For any who are mildly interested in offbeat firearms of old.
I'm always interested in the "molded oldies" so here's one that introduced the popular .45 ACP cartridge to the world and that predates the grand ol' 1911 by a few years. It's a Colt Model 1905. A fairly scarce model, only 6100 were made, trickled out of the Colt factory in the years before before the "new and improved" 1911 hit the scene.
My Model 1905 is far from perfect. It is complete, original, has the proper magazine, and is in good order, but the blue has turned to a soft brown patina except in a few protected areas. The original finely checkered walnut grip panels are so worn that most of the checkering is completely gone.
When I was employed with a small-town bank in Texas a Mexican lady was a customer of mine and also cleaned the bank. After her brother had died she spoke of a Colt .45 automatic she had around the house that had been her brother's gun. She said it had previously been her grandfather's pistol and that he'd brought it with him when he came up from Mexico. I love old guns and envisioned an old beater of a U. S. Army .45 so asked her to bring it by sometime. She said she would and that in fact she'd thought of selling it as she was concerned about having it about the house with her grandchildren. I didn't much think I'd want it as I have some decent military .45's.
One day she brought it by my office wrapped in a rag inside a paper sack. I'm sure my chin hit the desk when I unwrapped it to find a Colt Model 1905. Of course I was interested in purchasing it and told her so. She was hesitant as it was a family heirloom. I said: "that's ok, I don't blame you for wanting to hang on to it. Why don't you let me clean it up for you so it may be better preserved?" So I cleaned it, oiled it, and gave it a thin coating of RIG. I returned it to her and didn't think any more about it.

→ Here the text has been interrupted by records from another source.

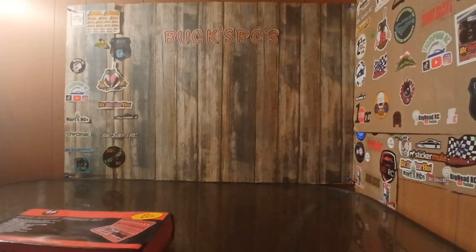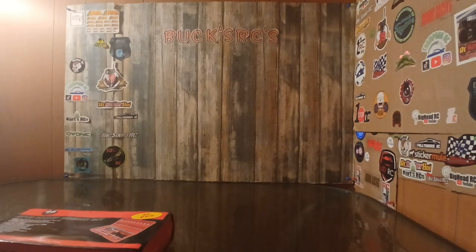Alright guys, welcome back to the channel, this is Bucks versus Garage. It doesn't cost you anything to subscribe to my channel — it really helps me out a lot by liking the videos, leaving comments, and sharing the videos, and I really do appreciate our subscribers I've got right now.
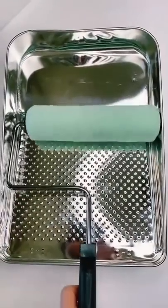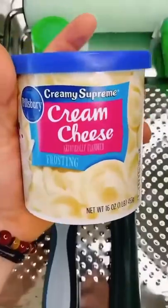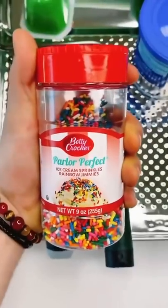You need a paint pan, a paint roller, green pudding, a paint squeegee thing, some of that cream, and your boy never forgets the rainbow jimmies.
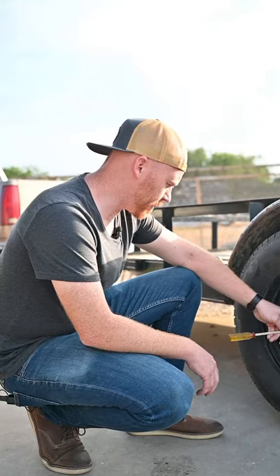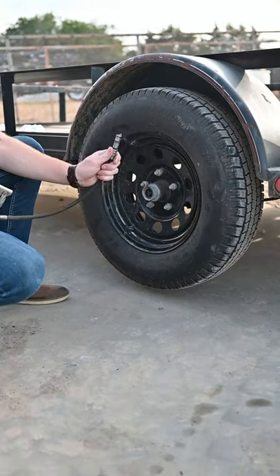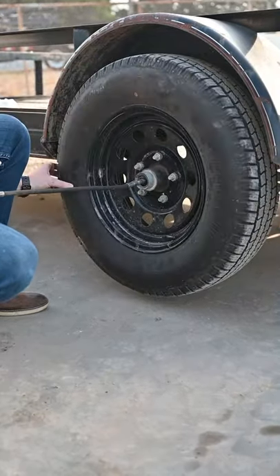Today I'm going to show you how to grease your trailer axles. Start by jacking up your trailer and removing the grommet off of the center of the grease cap. Then put the nozzle of the grease gun on the Zerk fitting and start pumping while gently spinning the wheel.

Several years later and after I'd left that bank, I ran into her and she asked me if I still wanted to buy her .45. Well of course I did so I took possession of the old pistol.
I've read that the early Colt automatics with the dual link "parallel slide rule" design were unsafe to fire. The design doesn't share many of the later 1911's attributes. After examining the design closely I determined that if the slide velocity wasn't too high the gun should be fine to fire.
In bygone years folks fired their Model 1905s with the standard 230 grain ball ammunition but I go easy on this one. The .45 ACP as it was introduced in 1905 featured a 200 grain bullet so I prepared some 200 grain lead SWC handloads with moderate charges of Unique and Bullseye. I worked up from the minimum listed charge weights to a middle-of-the-road charge which gave good function. The old gun is as accurate as my other military .45s and has never jammed. It has a really decent trigger and, though the grip angle is a bit more abrupt than that on the 1911, it is surprisingly pleasant to shoot and recoil is easily tolerated. I wouldn't subject it to a lot of use but am willing to take it out for occasional exercise.
I've never indulged in naming my firearms with the exception of this one which I call Pancho Villa. It just has to be one of his original guns. At least that's my story and I'm sticking to it. I keep intending to spring the hundred bucks for a Colt factory letter but haven't gotten around to it.
As may be seen, it's missing a couple of grip screws. I'm certain that the same sized screw fits several early Colt semi-auto pistols but how often does one stumble across any such pistols or screws? If anyone has a suggestion for a source I'd be grateful to know it.